Businesses face new penalties for delaying payments to small commercial entities
UK Government Introduces Tough Measures to Combat Late Payments to Small Businesses
The UK government has unveiled a new plan aimed at combating late payments to small and medium-sized enterprises (SMEs), marking the toughest legislative reforms on late payments in 25 years. This initiative is part of a broader "Plan for Change" to unlock growth and support the 60% of the UK workforce employed by SMEs, which generate £2.8 trillion in turnover.
At the heart of the plan are measures designed to ensure timely payments for SMEs. The introduction of maximum payment terms will see a mandatory cap of 60 days, which will be reduced to 45 days to ensure businesses get paid on time. The Small Business Commissioner will be granted stronger powers, including the ability to conduct spot checks and impose multi-million-pound fines on large firms that persistently pay late.
To speed up dispute resolution between suppliers and buyers, a 30-day invoice verification period will be enforced. Corporate audit committees will also be legally required to scrutinise payment practices at board level, with mandatory interest charges for firms that pay late to increase compliance pressure.
Financial support is also a key part of the plan. A £4 billion finance boost includes 69,000 Start-Up Loans, providing financial backing to inspire new entrepreneurs and small business owners. The British Business Bank is set to receive more than £3bn for guarantee programs to increase support to small businesses. Additional funding for other initiatives will bring certainty to spending programs rolled out by the government.
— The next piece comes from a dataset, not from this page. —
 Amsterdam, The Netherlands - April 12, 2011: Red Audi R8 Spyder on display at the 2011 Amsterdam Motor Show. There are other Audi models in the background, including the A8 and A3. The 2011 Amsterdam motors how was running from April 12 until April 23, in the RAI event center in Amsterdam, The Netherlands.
The British Chambers of Commerce considers these measures a much-needed step forward in recognising and supporting SMEs. Tina McKenzie, policy chair of the Federation of Small Businesses, considers tackling late payments critical for boosting communities and the wider economy. British Business Bank chief executive Louis Taylor looks forward to supporting more SMEs and generating economic growth.
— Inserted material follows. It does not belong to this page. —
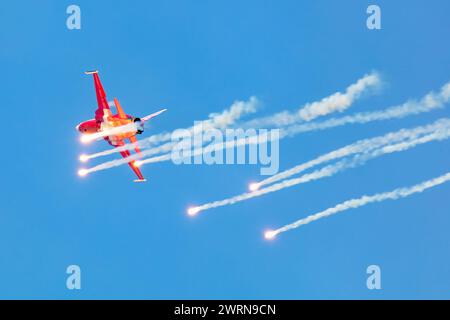 Radom, Poland - August 27, 2023: Swiss Air Force F-5E Tiger fighter jet plane flying. Aviation and military aircraft. Patrouille Suisse aerobatic team Stock Photo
Other reforms include changes to licensing for the hospitality and arts sector to allow for growth in designated zones. The government's intention to lower business rates is specific to firms in the retail, hospitality, and leisure sectors. Keir Starmer, the Labour Party leader, has also vowed to crack down on delayed payments affecting small businesses.
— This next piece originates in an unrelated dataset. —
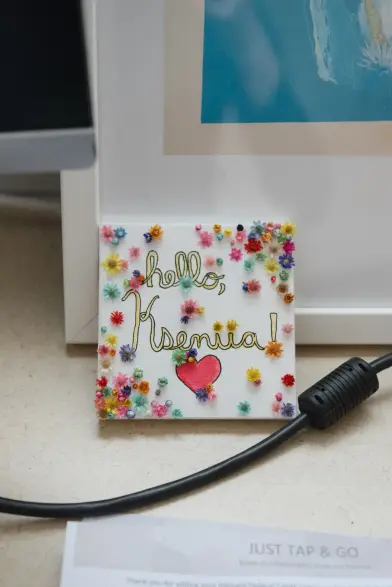 “Any problem I have with data, she has a solution,” a colleague said. A photograph taken from her desk at Harvard showing a cheerful hand-drawn note that says "hello, Kseniia!" decorated with a heart and lots of tiny colorful flowers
The UK government's plan aims to offer more stability to entrepreneurs and firm owners, with the hope that these measures will help small businesses thrive and grow, reducing the estimated £11 billion annual cost to the UK economy caused by late payments.
[1] BBC News: UK Government Takes Action Against Late Payments to Small Businesses (link) [2] The Guardian: UK Government to Introduce Tougher Rules on Late Payments to Small Businesses (link) [3] The Telegraph: UK Government's Plan to Combat Late Payments to Small Businesses (link) [4] The Independent: UK Government's Plan to Tackle Late Payments to Small Businesses (link)
- Tina McKenzie, policy chair of the Federation of Small Businesses, believes addressing late payments is crucial for boosting communities and the wider economy, as these payments currently cost the UK economy an estimated £11 billion annually.
- The UK government's plan includes financial support to help small businesses thrive, such as a £4 billion finance boost including 69,000 Start-Up Loans and more than £3bn for guarantee programs through the British Business Bank.
- In addition to the measures targeting late payments, the government also plans to lower business rates for firms in the retail, hospitality, and leisure sectors, and make changes to licensing for the hospitality and arts sector to foster growth in designated zones.